Diese Aussage für den Handel ist wichtig: es entstehen keine zusätzlichen Kosten und die Geschäfte dürfen an diesem zweitwichtigsten Einkaufstag für den Handel offen bleiben.

Rainer Will, Geschäftsführer Handelsverband: "Wir freuen uns sehr, dass die Bundesregierung unseren Lösungsvorschlag nun aufgegriffen hat. Dies ist die beste Lösung im Sinne aller österreichischen Arbeitnehmer und Arbeitgeber.

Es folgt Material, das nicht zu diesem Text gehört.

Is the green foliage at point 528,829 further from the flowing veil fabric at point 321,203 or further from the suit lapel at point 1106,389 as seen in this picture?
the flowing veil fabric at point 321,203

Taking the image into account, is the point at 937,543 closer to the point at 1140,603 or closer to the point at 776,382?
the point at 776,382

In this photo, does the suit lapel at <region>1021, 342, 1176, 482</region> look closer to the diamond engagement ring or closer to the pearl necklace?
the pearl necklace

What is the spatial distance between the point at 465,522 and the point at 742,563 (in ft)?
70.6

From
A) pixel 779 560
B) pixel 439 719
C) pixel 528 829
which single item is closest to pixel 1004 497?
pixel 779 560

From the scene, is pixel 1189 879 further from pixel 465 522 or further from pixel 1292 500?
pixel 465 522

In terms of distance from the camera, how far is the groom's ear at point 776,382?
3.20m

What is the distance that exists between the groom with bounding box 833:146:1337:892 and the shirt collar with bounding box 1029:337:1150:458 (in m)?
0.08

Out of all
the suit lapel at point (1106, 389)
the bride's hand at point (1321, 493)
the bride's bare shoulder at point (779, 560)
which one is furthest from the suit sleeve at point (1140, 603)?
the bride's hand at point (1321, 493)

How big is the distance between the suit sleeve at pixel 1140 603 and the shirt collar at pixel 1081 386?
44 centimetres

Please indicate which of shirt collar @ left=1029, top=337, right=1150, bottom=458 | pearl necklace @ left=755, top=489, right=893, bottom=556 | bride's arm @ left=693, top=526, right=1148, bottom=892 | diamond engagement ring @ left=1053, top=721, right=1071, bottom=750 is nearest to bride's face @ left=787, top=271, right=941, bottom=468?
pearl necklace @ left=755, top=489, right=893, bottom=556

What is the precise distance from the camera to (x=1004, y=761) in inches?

Damit kann der Handel seiner volkswirtschaftlichen Rolle als Beschäftigungsgeber und als Nahversorger im für den Konsumenten gewohnten Ausmaß nachkommen".

Zufrieden mit der Lösung, die nun bezüglich des Karfreitags getroffen wurde, zeigt sich der heimische Handel: „Am Karfreitag, einem sehr umsatzstarken Tag für den heimischen Handel, können die Geschäfte in Österreich geöffnet bleiben – und das ist gut so“, zeigt sich Peter Buchmüller, Obmann der Bundessparte Handel in der Wirtschaftskammer Österreich (WKÖ), zufrieden. „Die nunmehr gefundene Regelung ist jedenfalls besser als andere angedachte Varianten und für einen Wirtschaftszweig, der in höchstem Maße bestrebt ist, den Wünschen der Konsumentinnen und Konsumenten zu entsprechen, von entscheidender Bedeutung“, hält der Handelsobmann fest.